Она крепко ухватила его за жакет и приподняла над полом.
– Во всяком случае столько, чтобы успеть проводить тебя в последний путь. – Она крикнула через плечо: – Фелипе! Я на свободе!
Бехайм боднул ее в лицо, она качнулась назад и выпустила его. Из носа у нее хлынула кровь, густым соусом стекая по губам и подбородку. Она высунула язык и, улыбаясь, принялась лакать алую жидкость, сочившуюся из ее ноздрей.

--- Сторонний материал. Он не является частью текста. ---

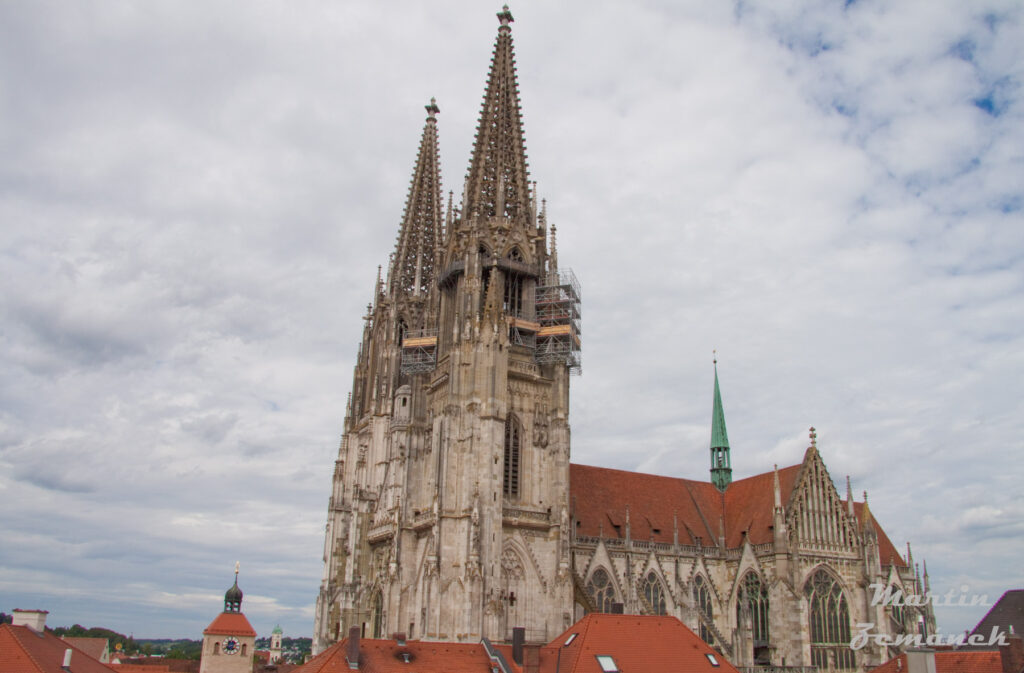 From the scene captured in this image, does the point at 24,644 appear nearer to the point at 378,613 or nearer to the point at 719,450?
the point at 378,613

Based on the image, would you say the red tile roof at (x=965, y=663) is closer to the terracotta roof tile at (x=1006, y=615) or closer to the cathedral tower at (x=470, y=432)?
the terracotta roof tile at (x=1006, y=615)

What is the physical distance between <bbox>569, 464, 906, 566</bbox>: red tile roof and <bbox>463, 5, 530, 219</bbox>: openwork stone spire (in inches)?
648

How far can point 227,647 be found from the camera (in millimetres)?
51219

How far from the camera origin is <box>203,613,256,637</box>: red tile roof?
168 feet

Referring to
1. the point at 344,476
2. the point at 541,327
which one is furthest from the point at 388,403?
the point at 541,327

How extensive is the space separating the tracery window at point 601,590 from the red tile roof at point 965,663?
15.8 m

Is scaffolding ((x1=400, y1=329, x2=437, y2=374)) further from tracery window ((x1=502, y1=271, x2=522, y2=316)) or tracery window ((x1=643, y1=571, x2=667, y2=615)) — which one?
tracery window ((x1=643, y1=571, x2=667, y2=615))

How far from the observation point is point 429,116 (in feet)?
218

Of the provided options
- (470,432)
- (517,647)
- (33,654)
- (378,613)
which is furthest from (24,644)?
(378,613)

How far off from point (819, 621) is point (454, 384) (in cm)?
2511

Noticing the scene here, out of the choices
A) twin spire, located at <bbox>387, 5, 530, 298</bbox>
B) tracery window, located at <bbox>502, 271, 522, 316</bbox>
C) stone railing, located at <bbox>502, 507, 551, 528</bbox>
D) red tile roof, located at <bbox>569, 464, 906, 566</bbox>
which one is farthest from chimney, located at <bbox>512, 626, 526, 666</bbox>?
twin spire, located at <bbox>387, 5, 530, 298</bbox>

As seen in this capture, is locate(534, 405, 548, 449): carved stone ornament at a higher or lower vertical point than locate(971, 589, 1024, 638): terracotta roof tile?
higher

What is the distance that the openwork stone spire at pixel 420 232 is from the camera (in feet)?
196

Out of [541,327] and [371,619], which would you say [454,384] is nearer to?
[541,327] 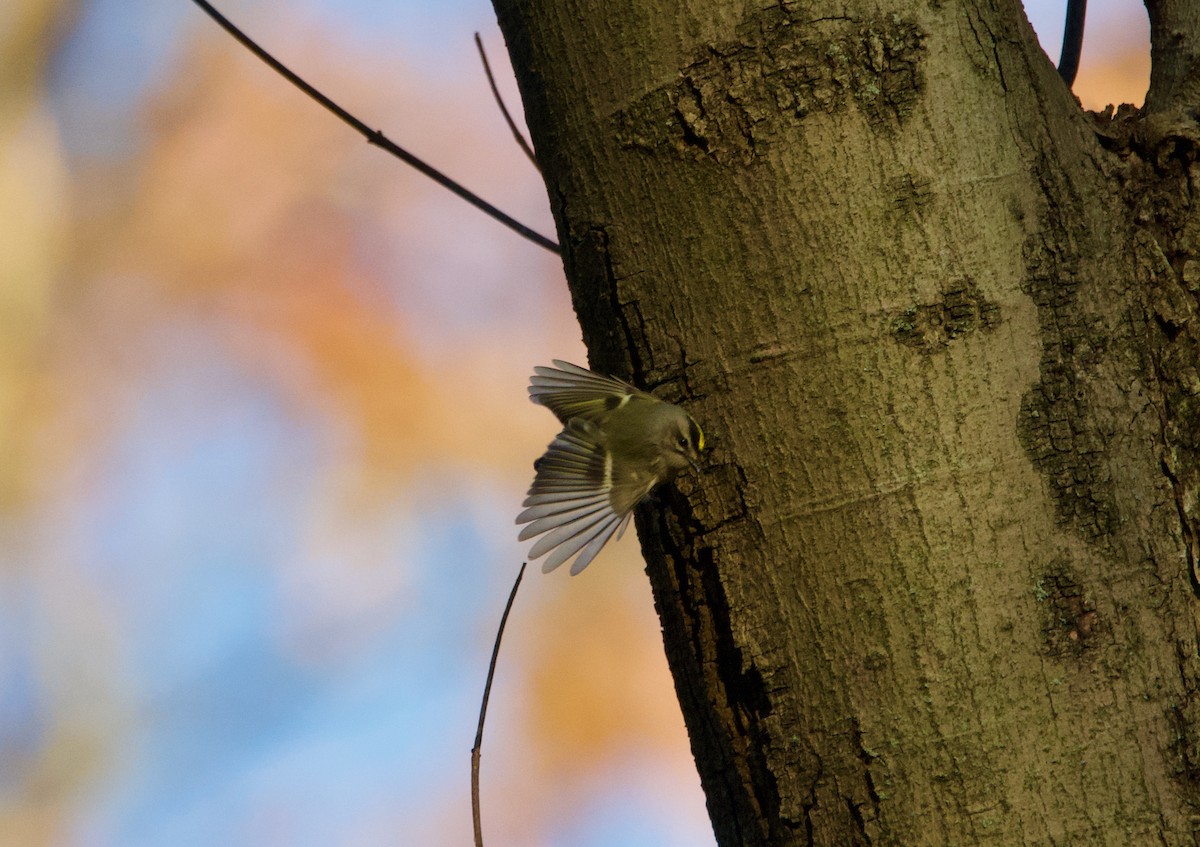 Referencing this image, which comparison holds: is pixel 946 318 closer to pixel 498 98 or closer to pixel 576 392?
pixel 576 392

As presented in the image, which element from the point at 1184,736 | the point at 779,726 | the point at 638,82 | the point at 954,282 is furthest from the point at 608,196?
the point at 1184,736

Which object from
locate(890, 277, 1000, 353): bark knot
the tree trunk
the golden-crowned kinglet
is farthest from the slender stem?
the golden-crowned kinglet

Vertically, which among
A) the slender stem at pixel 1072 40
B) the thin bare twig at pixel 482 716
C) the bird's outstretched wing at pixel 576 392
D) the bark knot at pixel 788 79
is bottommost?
the thin bare twig at pixel 482 716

Фелипе пытался вышибить дверь кабинета. С каждым ударом дерево все больше прогибалось наружу.
И тут раздался пронзительный крик госпожи Долорес. Она в ужасе смотрела на дым, клубами поднимавшийся вокруг нее, – отскочив от удара Бехайма, она слишком близко подступила к упавшему факелу, и на шлейф ее халата попала искра. Шелковая ткань вовсю пылала. Долорес завыла от страшной боли и ярости и бросилась на Бехайма, но ему удалось увернуться. Он схватил за руку Жизель и, обойдя справа магическую пустоту Фелипе, так и висевшую посреди комнаты, кинулся со служанкой вон, прочь от горящей вампирши, которая, крича, с протянутыми руками, заковыляла за ними, стремительно превращаясь в гигантский факел, от которого стало светло, как днем за стенами замка. Дверь кабинета затрещала, посыпались щепки. Кожа госпожи Долорес потемнела и покрылась волдырями, вопли ее перешли в какой-то скрип и скрежет, едва слышный сквозь треск пожиравшего ее огня. Страшно было смотреть на лопающуюся маску ее лица, и в эту минуту Бехайм не чувствовал никакого злорадства, ни йоты торжества. Она бросилась к ним, роняя капли пламени, но они отпрыгнули в сторону, и тогда она повернулась, потом, шатаясь, сделала шаг влево и, на мгновение застыв, как будто решая, как быть дальше, и тем самым не оставляя Бехайму сомнений в том, что она делает это осознанно, нырнула в черную пасть, парившую в воздухе, в тот самый миг, когда в дожде щепок, во взрыве разлетающихся досок сквозь дверь вылетел Фелипе – с обнаженными клыками, покрасневшими глазами – воплощение кошмара. Увидев Долорес и ужаснувшись, он схватил ее за запястье, а она, падая – может быть приняв его за Бехайма или просто непроизвольно, – стиснула его в объятиях. Несколько секунд они балансировали на грани между жизнью и смертью, наполовину погрузившись в эту стылую черную пустоту, но не уйдя в нее с головой; пламя поползло по руке Фелипе, доставая языками его лицо. Тут Бехайм, понимая, что упустить момент будет смерти подобно, подбежал и подтолкнул их.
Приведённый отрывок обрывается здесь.